Big Data was whatever someone couldn't handle in a spreadsheet or on their lapto...

angry_moose · on Feb 7, 2023

My experience with "Big Data" is it was something that couldn't be handled in a spreadsheet or on their laptop using R because it was so inefficiently coded.

I got sucked into "weekly key metric takes over 14 hours to run on our multi-node kubernetes cluster" a while back. I'm not sure how many nodes it actually used, nor did I really care.

Digging into it, the python code ingested about ~50GB of various files, made well over a dozen copies of everything, leaving the whole thing extremely memory starved. I replaced almost all of the program with some "grep | sed | awk | sed | grep" abomination that stripped about 98% of the unnecessary info first and it ran in under 2 minutes on my laptop.

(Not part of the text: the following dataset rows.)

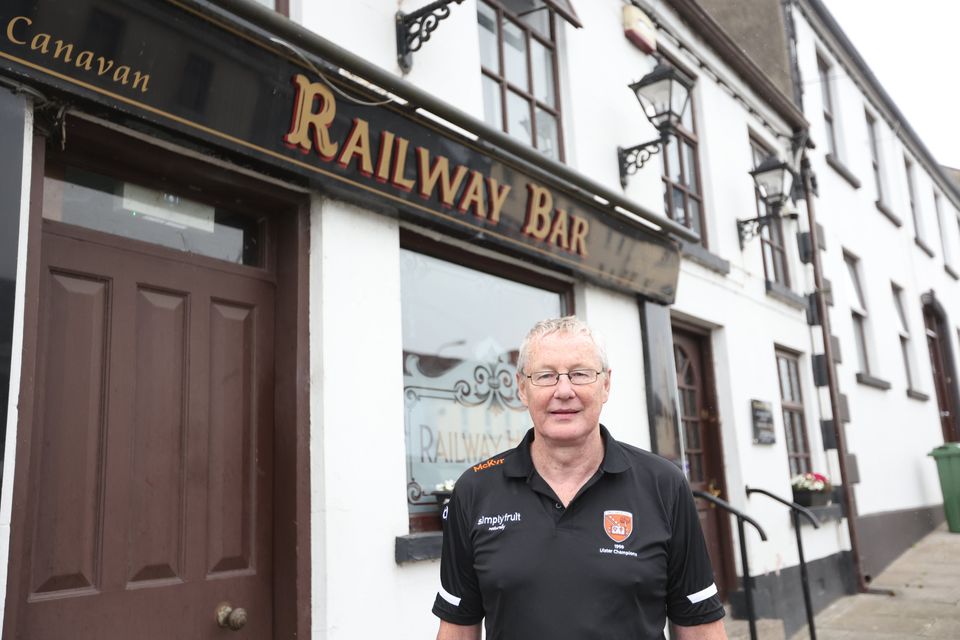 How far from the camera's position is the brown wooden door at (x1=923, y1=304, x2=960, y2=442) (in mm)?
14641

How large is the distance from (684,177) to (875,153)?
7.36 meters

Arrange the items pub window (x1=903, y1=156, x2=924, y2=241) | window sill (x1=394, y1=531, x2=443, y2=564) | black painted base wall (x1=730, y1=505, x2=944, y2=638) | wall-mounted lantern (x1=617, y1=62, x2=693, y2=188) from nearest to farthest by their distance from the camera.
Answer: window sill (x1=394, y1=531, x2=443, y2=564) → wall-mounted lantern (x1=617, y1=62, x2=693, y2=188) → black painted base wall (x1=730, y1=505, x2=944, y2=638) → pub window (x1=903, y1=156, x2=924, y2=241)

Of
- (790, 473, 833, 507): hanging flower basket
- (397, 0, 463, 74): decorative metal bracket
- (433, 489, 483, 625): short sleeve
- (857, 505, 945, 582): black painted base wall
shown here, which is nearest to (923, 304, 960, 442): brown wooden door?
(857, 505, 945, 582): black painted base wall

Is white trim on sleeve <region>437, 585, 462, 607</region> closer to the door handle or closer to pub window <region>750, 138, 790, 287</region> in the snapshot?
the door handle

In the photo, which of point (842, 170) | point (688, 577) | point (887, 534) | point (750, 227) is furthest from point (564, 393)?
point (842, 170)

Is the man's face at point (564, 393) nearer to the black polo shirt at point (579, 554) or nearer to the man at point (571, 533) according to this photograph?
the man at point (571, 533)

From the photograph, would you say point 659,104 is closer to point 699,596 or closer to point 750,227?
point 750,227

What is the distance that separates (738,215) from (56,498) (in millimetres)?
6905

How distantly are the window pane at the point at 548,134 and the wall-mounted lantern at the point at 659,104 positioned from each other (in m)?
0.70

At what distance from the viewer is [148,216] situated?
3.46m

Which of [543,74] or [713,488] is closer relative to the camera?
[543,74]

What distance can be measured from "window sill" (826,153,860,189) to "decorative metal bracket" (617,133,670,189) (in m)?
5.43

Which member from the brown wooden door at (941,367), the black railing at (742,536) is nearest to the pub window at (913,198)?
the brown wooden door at (941,367)

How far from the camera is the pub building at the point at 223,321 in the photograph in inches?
113
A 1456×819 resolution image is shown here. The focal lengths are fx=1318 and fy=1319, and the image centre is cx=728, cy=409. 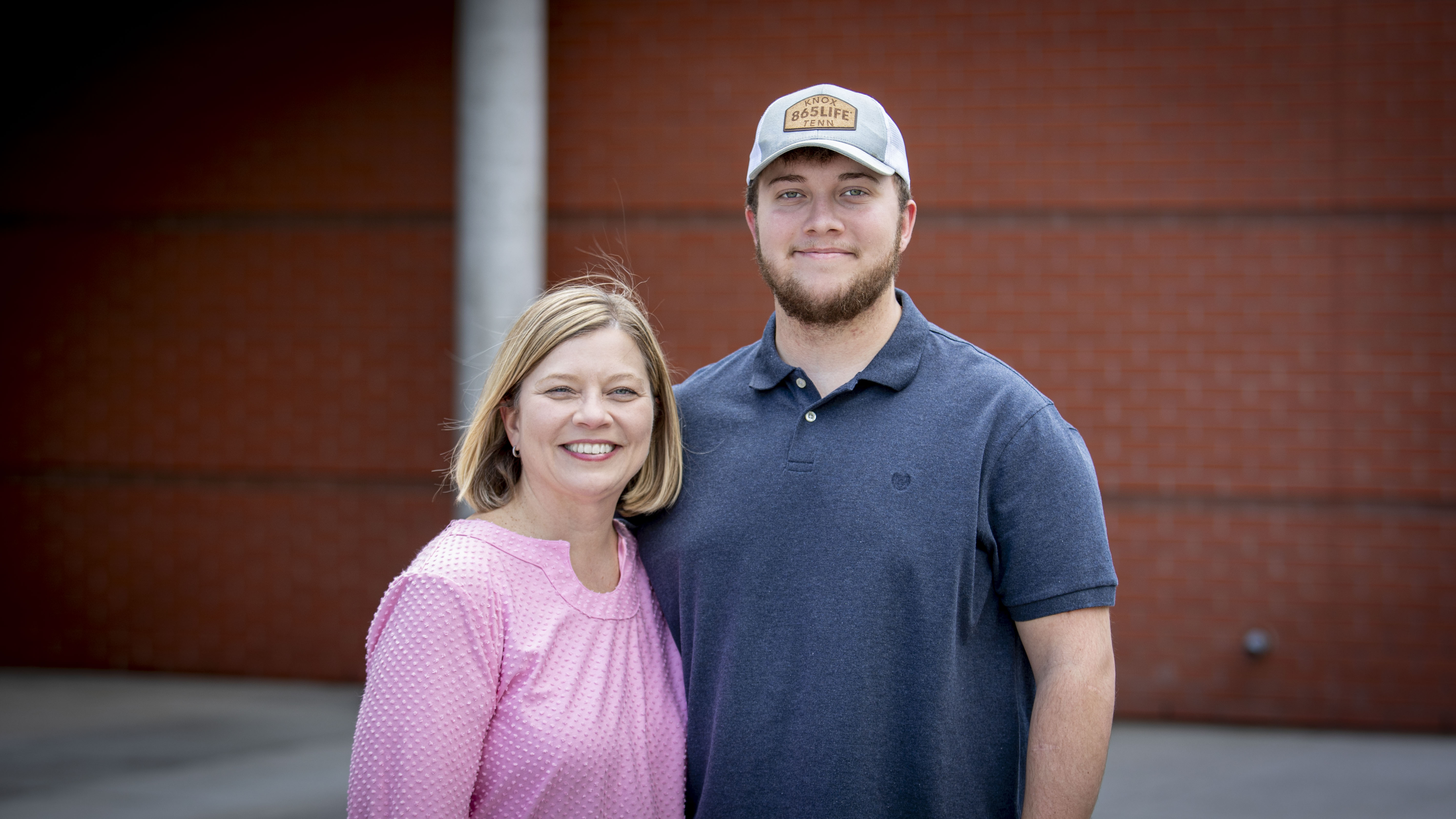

I probably should have tightened it up more but I was more than happy to wash my hands of the whole thing by that point.

Instead of improving the code, they just kept tossing more compute at it. Still heard all kinds of grumbling about os.system('grep | sed | awk | sed | grep') not being "pythonic" and "bad practice"; but not enough that they actually bothered to fix it.

nerpderp82 · on Feb 7, 2023

That is one of the selling points of Hadoop, you can write garbage code and scale your way out of any problem, turning the $$$ knob up to more nodes.

angry_moose · on Feb 7, 2023

Yeah, that's why I got involved (I was infrastructure at the time) - how can we throw more hardware at it as the kubernetes setup they had wasn't cutting it.

One of the "data scientists" point blank said in a meeting "My time is too valuable to be spent optimizing the code, I should be solving problems. We can always just buy more hardware".

Admittedly the last little bit of analysis was pretty cool, but >>99% of that runtime was massaging all of the data into a format that allowed the last step to happen.

mejakethomas · on Feb 7, 2023

Snowflake too.

Inefficient sql? Crank the virtual warehouse.

dcl · on Feb 8, 2023

Spending more money on compute also makes you and the team look more important, an d the problems being tackled, more challenging.

mywittyname · on Feb 7, 2023

You can do a petabytes of analysis with regular old BigQuery just as easily as you can analyze megabytes of data. This solves the scalability issue for a lot of companies, IMHO.

nerpderp82 · on Feb 7, 2023

I agree, BQ is a gem on GCP. You pay for storage (or not, you can use federated queries) and don't pay anything when you aren't using it. The ability to dynamically scale reservations is pretty nice as well.